Scheduling In Go: Part 1 - Overview #

Most of the content is copied from this quora answer

This is the first post in a three part series that will provide an understanding of the mechanics and semantics behind the scheduler in Go. This post focuses on the high level overview of N:M scheduling.

Index of the three part series:

Scheduling In Go: Part 1 - Overview

Scheduling In Go: Part 2 - Go Scheduler

Scheduling In Go: Part 3 - Concurrency

Goroutine #

What goroutine bring us is in fact a version of N:M scheduling, where there are N goroutines which are backed by M OS threads.

Almost all of the benefit revolves around call conversion scheduling. This is where the scheduler take what would be a blocking call, and trade it for a non-blocking call plus a context switch in user space.

The remainder of the benefit comes from voluntary preemption; this is where a thread which would be suspended pending a condition, where the condition check taking place in the OS kernel, instead moves the condition check to user space. The suspended goroutine is placed on a condition wait queue, and there is a context switch — just like in the call conversion scheduler.

N:M threading was invented specifically to address the issue of partial quantum context switch overhead.

It turns out that making a context switch from one kernel thread to another kernel thread is relatively expensive. We have two system calls of overhead, full register and context spills, and context reloading.

Effectively, we have four protection domain crossings, and a lot of data movement overhead.

If we can accomplish this in user space, we have zero protection domain crossings, and a much smaller data movement overhead.

N:M threading does this.

Additionally, if we make a blocking call partially into our quantum, we pay that expense to run another thread instead. So if we were given 100ms of quantum, and used on average 33ms of quantum per thread, then we pay 3 heavyweight context switch overheads per quantum — one of which we’d pay anyway, because it’s an involuntary preemption at the expiration of the quantum, because the CPU scheduler implements time sharing between many processes running on a system.

If we do it in user space, instead of 3, we only pay 1. That’s a 66% savings in context switch overhead — N:M threading — such as in goroutines — accomplishes this goal.

Here is the quote from Terry Lambert

The OS gave me the quantum; it is my damn quantum, and I am going to run threads in my process with it, if I have another thread ready to run, and I am not giving the remainder of that quantum back to the OS to give to someone else.

That’s goroutines

But because it divides the scheduling responsibility between the kernel scheduler, and another scheduler — which lives in the goroutines runtime in the library — there’s complexity.

Every time a potentially blocking system call is added to the system, we have to examine it to see if we can make a call conversion using it, or if it has to be a blocking call.

And if we get to the point we are about to block all of our OS threads — our M’s — because we have that many unconvertible blocking operations outstanding, but we have goroutines whose wait condition has been satisfied, so they are ready to run… then we have to start another OS thread (M := M + 1) to back the ready to run goroutines, while we then block the Mth OS thread.
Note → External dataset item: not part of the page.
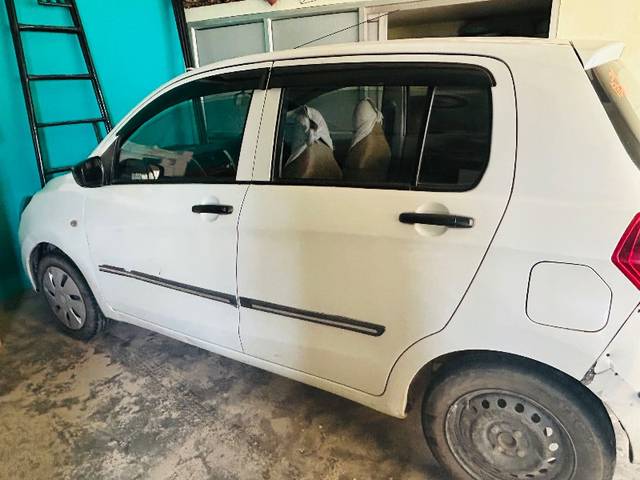 https://images10.gaadi.com/usedgaadi-sellcar/UsedCar/a9889cbb-f7cd-4054-a329-5f92075dfa76/7ed745f9-0865-4352-9c00-e269b4ea8dc0.jpg?imwidth=6400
In the limit, it’s possible for M to grow to equal N (if we have N blocking outstanding operations).

Worse, as an implementation detail, almost all user space N:M schedulers of this type tend to keep a separate reserve thread-spawning-thread; so the degenerate case is N effective threads (goroutines) + 1 thread-spawning-thread (N goroutines vs. M + 1 kernel threads).

Typically, the way goroutines are intended to be utilized means that N > M for all cases that are interesting, and usually N » M (N very much larger than M).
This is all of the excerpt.